It's important to differentiate the general concept of "Good Enough" as in "that's good enough" from the software engineering approach that, while coined from the same term, is surprisingly more formalized around balancing risk/effort vs. achieving perfection

Agreed. I think scientists and software engineers can really teach each other quite a bit. So I'd love to see a day whereby the phrase is more often used in science to mean making defensible trade-offs rather than achieving basic competency.

We've been working on a a data science template that bakes in a number of these practices. Currently leans Python, but could definitely be useful for scientific computing generally: https://github.com/drivendata/cookiecutter-data-science

I disagree with the part that recommends BSD instead of GPL. It's a myth that GPL doesn't allow software to be used for commercial ends.
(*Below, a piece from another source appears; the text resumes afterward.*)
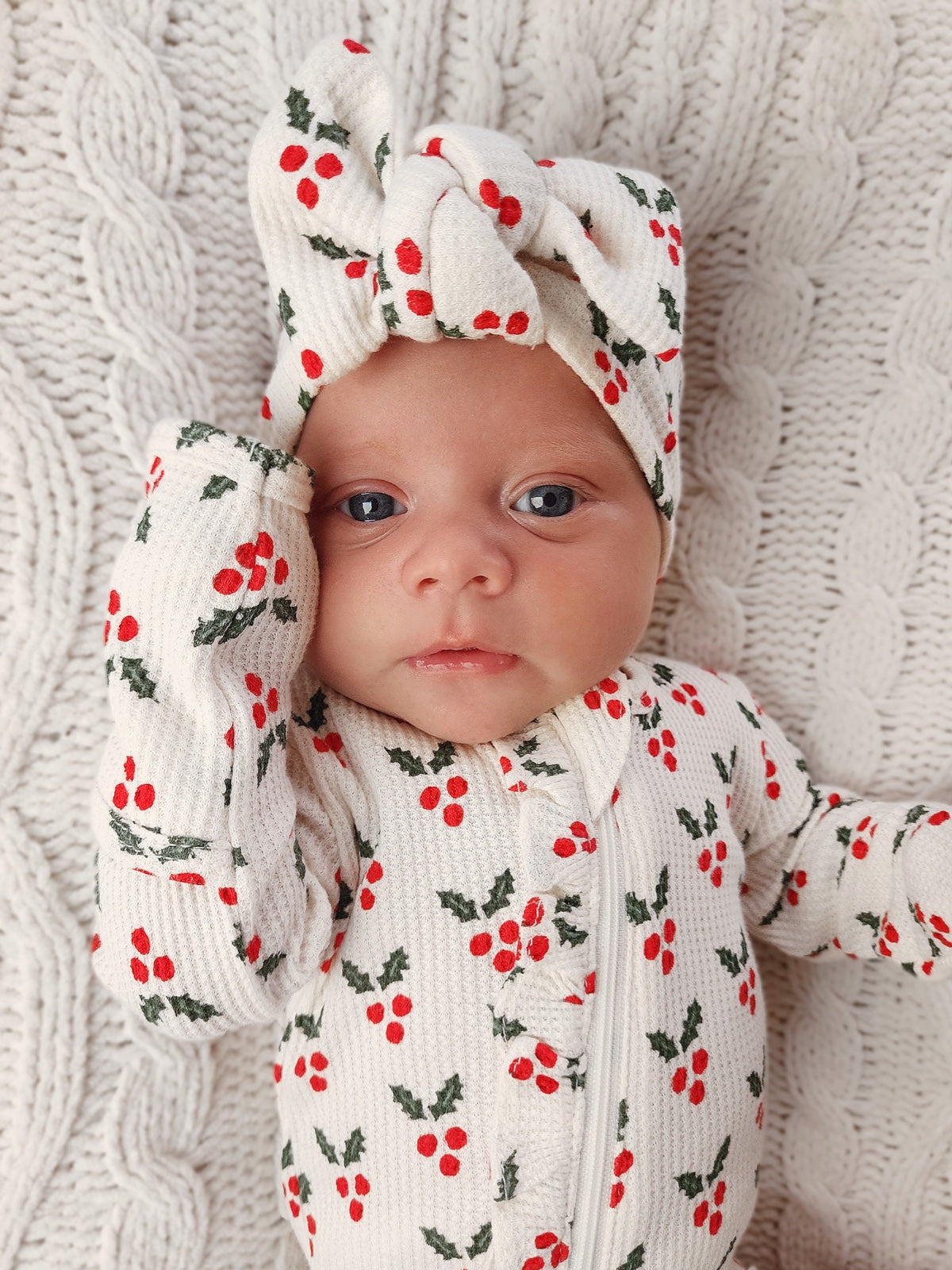 Infant wearing a holiday-themed onesie with red berries and a matching headband, resting on a textured blanket.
It only forces the person to contribute back the changes, letting the others profit from their work as they profited from theirs.

As someone who's worked with OSS while employed at a very large company, using BSD licensed software is infinitely easier than GPL. GPLv3 was likely to be flat out banned and even GPLv2 required many approvals and a long process from legal - all this to even use it internally where it would never directly impact a customer. GPL is simply too dangerous for many companies to touch, and those that do have a disturbingly high rate of failure to comply with all terms.

If the goal of making your software open source is to allow anyone to use it, GPL makes that _harder_.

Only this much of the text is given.